The three most commonly celebrated Jewish holidays are Rosh Hashanah, Yom Kippur and Hanukkah. Passover and Yom Kippur in addition to Rosh Hashannah and Hanukkah are recognized as an optional state level holiday in Texas All Jewish holidays start the night before, as that is when the Jewish day begins.

Islamic holidays 

The major Islamic holidays of Ramadan, Eid al-Fitr, and Eid al-Adha have been recognized in the United States. Awareness of these holidays can be found in calendars published by major calendar manufacturers. According to Al-Jazeera, schools in New York and Michigan (mainly Dearborn) may begin to close in observance of all Muslim holidays.

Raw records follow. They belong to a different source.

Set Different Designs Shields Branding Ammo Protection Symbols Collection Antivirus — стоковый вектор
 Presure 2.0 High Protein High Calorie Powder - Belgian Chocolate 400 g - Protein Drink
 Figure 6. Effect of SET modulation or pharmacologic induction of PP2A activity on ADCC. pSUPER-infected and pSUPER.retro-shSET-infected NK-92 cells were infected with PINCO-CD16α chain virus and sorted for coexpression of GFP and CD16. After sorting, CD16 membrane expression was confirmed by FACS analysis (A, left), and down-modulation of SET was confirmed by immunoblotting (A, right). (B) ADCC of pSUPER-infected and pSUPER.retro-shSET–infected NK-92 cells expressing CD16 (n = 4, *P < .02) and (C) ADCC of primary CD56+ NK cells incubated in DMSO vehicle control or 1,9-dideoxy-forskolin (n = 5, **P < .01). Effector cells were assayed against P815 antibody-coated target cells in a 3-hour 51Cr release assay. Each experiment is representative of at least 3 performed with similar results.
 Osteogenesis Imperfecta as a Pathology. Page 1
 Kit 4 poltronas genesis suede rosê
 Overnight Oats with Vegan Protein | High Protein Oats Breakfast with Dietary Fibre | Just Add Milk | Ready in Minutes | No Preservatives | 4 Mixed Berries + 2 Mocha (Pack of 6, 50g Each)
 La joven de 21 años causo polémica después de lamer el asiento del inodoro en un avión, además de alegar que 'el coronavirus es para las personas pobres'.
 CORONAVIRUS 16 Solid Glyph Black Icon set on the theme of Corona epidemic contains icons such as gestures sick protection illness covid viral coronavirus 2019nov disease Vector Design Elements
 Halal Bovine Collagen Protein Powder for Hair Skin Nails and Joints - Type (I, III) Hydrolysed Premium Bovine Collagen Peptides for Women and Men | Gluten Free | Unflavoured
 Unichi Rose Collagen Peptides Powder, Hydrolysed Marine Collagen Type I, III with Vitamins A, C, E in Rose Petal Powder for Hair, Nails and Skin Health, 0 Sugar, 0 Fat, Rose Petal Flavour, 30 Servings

Holidays with other cultural or historical significance

Confederate States of America 
The following holidays memorialize the historic Confederate States of America from the American Civil War:

 Confederate Memorial Day is a public holiday observed by Alabama, Florida, Kentucky, Mississippi, South Carolina, Louisiana and Texas and an unofficially observed holiday in some other states. It is often in late April to align with the final surrender of the last Confederate Army. Texas observes Confederate Heroes Day.
 Confederate History Month has been declared at least once in Alabama, Florida, Georgia, Louisiana, Mississippi, Texas, and Virginia as well as by various cities, usually in April to augment Confederate Memorial Day.
 Robert E. Lee Day (on or around Lee's Jan 19 birthday) is still observed in Alabama and Mississippi combined with Martin Luther King Jr. Day, the only remaining states to do so. It is officially recognized in Florida, but is not widely observed there.
 Arkansas combined the observance of Robert E. Lee Day with Martin Luther King Jr. Day in 1985. In 2017, the state passed a law removing Lee's name from the January holiday and instead establishing a state memorial day on the second Saturday of October in honor of Lee.

Drinking holidays 

According to the National Institutes of Health, about 86% of the population over 18 drinks alcohol recreationally or socially. In the United States, the holidays that are considered the most "festive" are generally regarded as some of the "most drunken holidays." Celebrations usually revolve around barbecues and beer. Although many of these holidays lack any official status, they are generally observed by the drinking culture for the fact that these holidays revolve around drinking. One measurement of the popularity of these holidays is the amount of alcohol purchased for the occasion. One survey names New Year's Eve as the holiday on which the most alcohol is consumed based on sales. While many holidays are listed, some are generally notable for their drinking requirement while others are known for abstinence.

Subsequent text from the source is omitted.